[Entries taken from a collection]

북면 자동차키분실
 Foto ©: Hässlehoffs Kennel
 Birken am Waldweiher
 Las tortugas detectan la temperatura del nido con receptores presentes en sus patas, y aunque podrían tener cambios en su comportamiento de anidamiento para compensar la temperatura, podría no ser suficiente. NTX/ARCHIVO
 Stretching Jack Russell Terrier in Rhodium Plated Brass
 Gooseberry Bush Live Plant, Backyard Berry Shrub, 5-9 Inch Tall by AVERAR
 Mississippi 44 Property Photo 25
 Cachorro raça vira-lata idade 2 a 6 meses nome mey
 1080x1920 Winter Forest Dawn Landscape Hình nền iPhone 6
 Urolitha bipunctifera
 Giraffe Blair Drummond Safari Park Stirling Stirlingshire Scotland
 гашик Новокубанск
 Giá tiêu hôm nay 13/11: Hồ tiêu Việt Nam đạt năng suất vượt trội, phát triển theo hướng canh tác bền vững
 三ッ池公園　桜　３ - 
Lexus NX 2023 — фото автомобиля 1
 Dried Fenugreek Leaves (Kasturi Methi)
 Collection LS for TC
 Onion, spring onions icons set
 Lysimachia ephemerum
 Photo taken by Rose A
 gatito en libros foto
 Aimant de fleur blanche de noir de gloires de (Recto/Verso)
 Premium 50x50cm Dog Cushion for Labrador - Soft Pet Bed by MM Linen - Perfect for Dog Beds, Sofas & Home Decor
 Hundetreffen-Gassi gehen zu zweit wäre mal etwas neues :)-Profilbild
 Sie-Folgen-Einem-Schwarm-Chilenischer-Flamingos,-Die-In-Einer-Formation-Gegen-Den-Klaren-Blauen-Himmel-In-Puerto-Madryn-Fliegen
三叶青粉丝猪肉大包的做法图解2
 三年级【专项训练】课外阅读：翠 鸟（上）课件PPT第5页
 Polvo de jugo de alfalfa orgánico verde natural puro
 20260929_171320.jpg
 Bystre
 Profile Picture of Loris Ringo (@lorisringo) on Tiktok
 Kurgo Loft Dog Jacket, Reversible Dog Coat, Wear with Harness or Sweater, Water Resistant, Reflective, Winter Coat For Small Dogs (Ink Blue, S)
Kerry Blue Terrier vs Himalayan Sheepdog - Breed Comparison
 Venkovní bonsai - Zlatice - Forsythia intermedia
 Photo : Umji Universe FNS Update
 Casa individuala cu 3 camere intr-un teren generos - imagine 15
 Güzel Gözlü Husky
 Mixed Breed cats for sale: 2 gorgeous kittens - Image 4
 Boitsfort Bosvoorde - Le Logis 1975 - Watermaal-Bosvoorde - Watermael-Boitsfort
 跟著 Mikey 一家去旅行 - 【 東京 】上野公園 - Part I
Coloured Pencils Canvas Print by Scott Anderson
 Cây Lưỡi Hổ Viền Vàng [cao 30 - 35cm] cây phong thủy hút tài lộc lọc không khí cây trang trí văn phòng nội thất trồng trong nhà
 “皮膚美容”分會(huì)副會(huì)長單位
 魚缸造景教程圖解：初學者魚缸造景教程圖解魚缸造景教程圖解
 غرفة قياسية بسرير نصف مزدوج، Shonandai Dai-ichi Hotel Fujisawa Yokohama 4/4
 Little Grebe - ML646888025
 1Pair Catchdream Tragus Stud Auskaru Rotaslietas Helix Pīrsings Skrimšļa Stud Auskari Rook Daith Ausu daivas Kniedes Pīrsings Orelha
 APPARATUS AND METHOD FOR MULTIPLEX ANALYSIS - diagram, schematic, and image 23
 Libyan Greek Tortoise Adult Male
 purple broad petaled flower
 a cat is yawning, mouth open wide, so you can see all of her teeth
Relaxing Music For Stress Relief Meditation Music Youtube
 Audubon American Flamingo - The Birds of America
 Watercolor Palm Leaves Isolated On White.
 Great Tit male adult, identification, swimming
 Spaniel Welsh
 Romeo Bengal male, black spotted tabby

→ **What you will do**
Transcribe the data above so that every line matches exactly.

→ **Reply**
북면 자동차키분실
 Foto ©: Hässlehoffs Kennel
 Birken am Waldweiher
 Las tortugas detectan la temperatura del nido con receptores presentes en sus patas, y aunque podrían tener cambios en su comportamiento de anidamiento para compensar la temperatura, podría no ser suficiente. NTX/ARCHIVO
 Stretching Jack Russell Terrier in Rhodium Plated Brass
 Gooseberry Bush Live Plant, Backyard Berry Shrub, 5-9 Inch Tall by AVERAR
 Mississippi 44 Property Photo 25
 Cachorro raça vira-lata idade 2 a 6 meses nome mey
 1080x1920 Winter Forest Dawn Landscape Hình nền iPhone 6
 Urolitha bipunctifera
 Giraffe Blair Drummond Safari Park Stirling Stirlingshire Scotland
 гашик Новокубанск
 Giá tiêu hôm nay 13/11: Hồ tiêu Việt Nam đạt năng suất vượt trội, phát triển theo hướng canh tác bền vững
 三ッ池公園　桜　３ - 
Lexus NX 2023 — фото автомобиля 1
 Dried Fenugreek Leaves (Kasturi Methi)
 Collection LS for TC
 Onion, spring onions icons set
 Lysimachia ephemerum
 Photo taken by Rose A
 gatito en libros foto
 Aimant de fleur blanche de noir de gloires de (Recto/Verso)
 Premium 50x50cm Dog Cushion for Labrador - Soft Pet Bed by MM Linen - Perfect for Dog Beds, Sofas & Home Decor
 Hundetreffen-Gassi gehen zu zweit wäre mal etwas neues :)-Profilbild
 Sie-Folgen-Einem-Schwarm-Chilenischer-Flamingos,-Die-In-Einer-Formation-Gegen-Den-Klaren-Blauen-Himmel-In-Puerto-Madryn-Fliegen
三叶青粉丝猪肉大包的做法图解2
 三年级【专项训练】课外阅读：翠 鸟（上）课件PPT第5页
 Polvo de jugo de alfalfa orgánico verde natural puro
 20260929_171320.jpg
 Bystre
 Profile Picture of Loris Ringo (@lorisringo) on Tiktok
 Kurgo Loft Dog Jacket, Reversible Dog Coat, Wear with Harness or Sweater, Water Resistant, Reflective, Winter Coat For Small Dogs (Ink Blue, S)
Kerry Blue Terrier vs Himalayan Sheepdog - Breed Comparison
 Venkovní bonsai - Zlatice - Forsythia intermedia
 Photo : Umji Universe FNS Update
 Casa individuala cu 3 camere intr-un teren generos - imagine 15
 Güzel Gözlü Husky
 Mixed Breed cats for sale: 2 gorgeous kittens - Image 4
 Boitsfort Bosvoorde - Le Logis 1975 - Watermaal-Bosvoorde - Watermael-Boitsfort
 跟著 Mikey 一家去旅行 - 【 東京 】上野公園 - Part I
Coloured Pencils Canvas Print by Scott Anderson
 Cây Lưỡi Hổ Viền Vàng [cao 30 - 35cm] cây phong thủy hút tài lộc lọc không khí cây trang trí văn phòng nội thất trồng trong nhà
 “皮膚美容”分會(huì)副會(huì)長單位
 魚缸造景教程圖解：初學者魚缸造景教程圖解魚缸造景教程圖解
 غرفة قياسية بسرير نصف مزدوج، Shonandai Dai-ichi Hotel Fujisawa Yokohama 4/4
 Little Grebe - ML646888025
 1Pair Catchdream Tragus Stud Auskaru Rotaslietas Helix Pīrsings Skrimšļa Stud Auskari Rook Daith Ausu daivas Kniedes Pīrsings Orelha
 APPARATUS AND METHOD FOR MULTIPLEX ANALYSIS - diagram, schematic, and image 23
 Libyan Greek Tortoise Adult Male
 purple broad petaled flower
 a cat is yawning, mouth open wide, so you can see all of her teeth
Relaxing Music For Stress Relief Meditation Music Youtube
 Audubon American Flamingo - The Birds of America
 Watercolor Palm Leaves Isolated On White.
 Great Tit male adult, identification, swimming
 Spaniel Welsh
 Romeo Bengal male, black spotted tabby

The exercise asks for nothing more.